Paxton's velocity fluctuates because the long-limbed lefty can have trouble repeating his mechanics. He tightened up his delivery a lot late in 2013, which allowed him to pitch well when called up to Seattle in September.
He works both sides of the plate. And he gets a lot of ground balls.
James exhibits very impressive poise. His expression never changes, whether he's struck out three hitters in a row, or if a hitter or two takes him deep.
As of August 2014, Paxton became only the fourth pitcher in the past 100 years to start his career 6-0.
Paxton improved in every way in 2017, becoming MLB's best starter at limiting damage on balls hit in the air.
Mariners left-hander James Paxton broke out in many ways, but his air-ball contact stands out. Among those 134 starters, Paxton allowed the lowest average exit velocity on air balls at 85.5 mph. He also allowed the lowest rate of air balls hit at or above Statcast™'s 95 mph baseline for hard contact, at only 26 percent.
For context, MLB batters hit .623 and slugged 1.627 on "hard-hit" air balls last year, as opposed to a .253 average and .316 slugging percentage on anything softer.
Lifting the ball is important, but lifting it and hitting it hard is much better.The best air ball a batter can hit, from a Statcast™ perspective, is a barrel -- the optimal combination of exit velocity and launch angle that generally produces at least a .500 batting average and 1.500 slugging percentage.
No full-time starter allowed a lower rate of barrels per air ball than Paxton, and Seattle's rising ace also allowed the lowest average distance. All of these factors funneled into Paxton's .366 expected weighted on-base average (or xwOBA, Statcast™'s most advanced metric that considers quality of contact when evaluating how pitchers and hitters should have fared) allowed on air balls, a mark that beat out National League Cy Young Award winner Max Scherzer for the lowest in our group of 134. MLB hitters posted a collective .461 xwOBA on air balls last year, meaning Paxton was nearly 100 points better than average.
May 8, 2018 : Paxton threw a no-hitting against the Blue Jays in his native Canada in a 5-0 victory for the Mariners.
Sep 29, 2018: For one last game in 2018, fans seated in the "Maple Grove" section at Safeco Field chanted "EH" every time Canadian lefty James Paxton had two strikes on a hitter.The "Big Maple" took a no-decision to end the year at 11-6 with a 3.76 ERA, reaching career highs with 160 1/3 innings and 208 strikeouts.
Strikeout No. 200 came three pitches into the game, when Paxton got Jurickson Profar swinging on a curveball.
"It was big," Paxton said. "It was great to get to 160 innings like I wanted to do, getting the 200th strikeout was really cool. It was special. Looking forward to building off this season and getting to where we want to get to next year."
- As of the start of the 2019 season, Paxton had a 41-26 career record, a 3.42 ERA having allowed 54 home runs and 523 hits in 582 innings.
- In high school, Paxton had some nagging injuries, including a sore elbow and back problems his sophomore year.
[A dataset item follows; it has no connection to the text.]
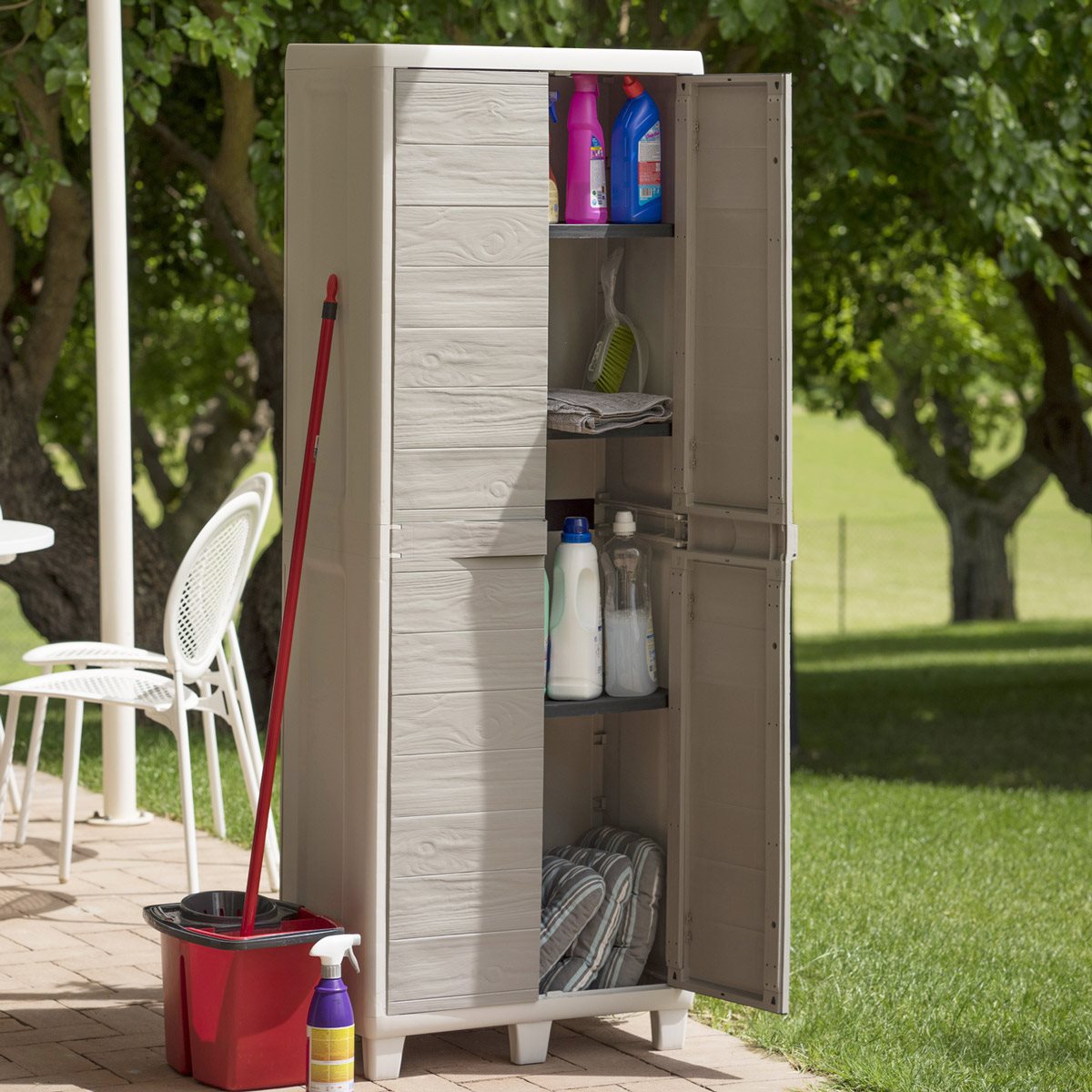 Armoire d'extérieur à étage en résine avec 2 portes effet bois et étagères réglables Woody's Toomax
- 2009: James had some tendinitis in his left knee.
May 29-July 3, 2012: Paxton was on the D.L. with tendinitis in his right knee.
April 9-August 2, 2014: James was on the D.L. with a strained muscle on the left side of his back. The move was made after an MRI confirmed the original diagnosis of a strained latissimus dorsi muscle.
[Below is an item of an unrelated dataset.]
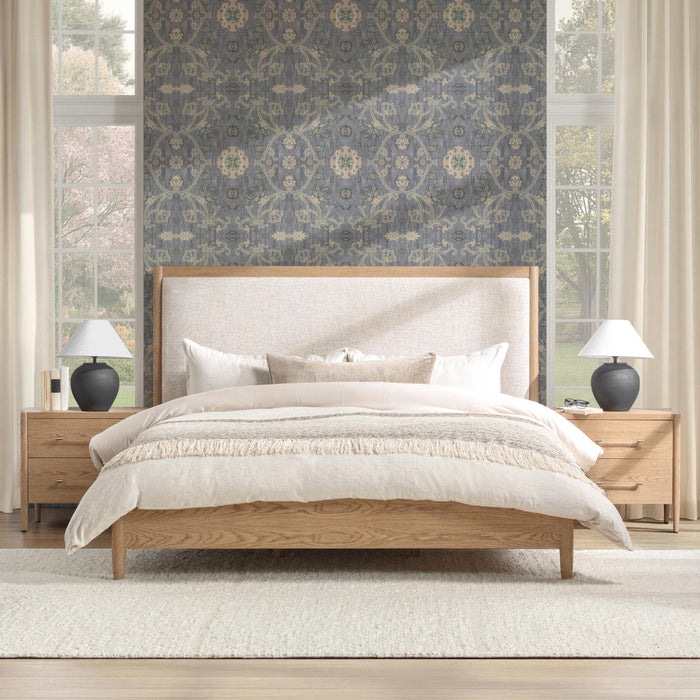 Alisen - Upholstered Bed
May 29-September 13, 2015: Paxton was on the D.L. with a strained middle finger tendon on his throwing hand.
August 8-25, 2016: The Mariners placed Paxton on the 15-day disabled list with a bruised left elbow.
May 3-31, 2017: James was on the DL with left forearm strain.
Aug 11-Sept 15, 2017: James was on the DL with strained left pectoral muscle.
July 13-30, 2018: James was on the DL with lower back inflammation.
- Aug 15-Sept 1, 2018: Paxton was on the DL with left forearm contusion.